August 13, 2008

Conflicting surveys are subject to Court's review of the ambiguous and contradictory evidence supporting them

BART LAY ET AL. v. HOWARD HOLMES ET AL. (Tenn.Ct.App. August 13, 2008).

In this boundary dispute, the trial court had to choose between conflicting surveys. After a trial, the court determined that the survey for the defendants was correct due to the failure of the plaintiffs' surveyor to locate a landmark beech tree. We affirm.

Opinion may be found at TBA website:
http://www.tba2.org/tba_files/TCA/2008/layb_081308.pdf

"[This case] contains conflicting evidence, the recollections of elderly members of the community, errors in deeds, deeds describing the property boundaries by who borders the property rather than by landmarks, and boundary descriptions using landmarks such as trees which may or may not exist today." Id.

"The court made a factual determination that the beech tree identified ... was the tree mentioned in the deeds.

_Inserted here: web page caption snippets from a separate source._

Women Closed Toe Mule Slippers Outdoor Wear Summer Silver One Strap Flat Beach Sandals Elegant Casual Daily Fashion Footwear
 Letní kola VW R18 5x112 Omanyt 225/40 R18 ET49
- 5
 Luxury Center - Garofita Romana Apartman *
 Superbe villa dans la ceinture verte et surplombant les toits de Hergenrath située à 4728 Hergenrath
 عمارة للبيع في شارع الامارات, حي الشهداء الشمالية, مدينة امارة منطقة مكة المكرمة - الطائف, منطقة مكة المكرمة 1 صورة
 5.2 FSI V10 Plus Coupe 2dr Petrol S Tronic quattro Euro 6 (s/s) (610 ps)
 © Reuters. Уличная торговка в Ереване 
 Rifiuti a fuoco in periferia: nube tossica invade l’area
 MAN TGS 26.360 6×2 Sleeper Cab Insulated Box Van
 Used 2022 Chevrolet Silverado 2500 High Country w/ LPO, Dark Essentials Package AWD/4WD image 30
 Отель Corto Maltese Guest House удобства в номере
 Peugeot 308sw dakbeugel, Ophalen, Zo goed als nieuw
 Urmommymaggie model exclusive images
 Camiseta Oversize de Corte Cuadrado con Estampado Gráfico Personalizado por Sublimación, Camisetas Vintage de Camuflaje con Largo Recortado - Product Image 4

It is the oldest in the hollow, it is clearly old enough to be the one in the deeds, and it is located near a spring. This is a crucial factual determination that is central to the dispute. ...The spring located near the beech tree was identified by Mitchell Adcock as Boles Spring. While others identified a spring to the north as Boles Spring, the presence of the beech tree by this spring lends much credence to the trial court’s decision that this spring is indeed Boles Spring." Id.

"The second point implicit in the trial court’s endorsement of the Denny survey is that the old fence line upon which the Bradley survey relies is not a boundary. Bradley believed it was a boundary because it ran northward as the Lay deed recited, it had no gates, and it ended up around the area where the boundary agreements came together. The error in the deeds undercuts Bradley’s first reason. Testimony indicated that the fence was built by Mr. Baker, the prior owner of the property, to fence in his goats. This makes sense, in light of the fact that while a steep hollow may deter cows from wandering, steep terrain will not deter a goat. To keep the goats from wandering away up or down the hollow, a fence was a necessity. The fact that the fence ended up around the area where the boundary agreements came together is not a determinative factor. The apparent lack of gates is not determinative either. " Id.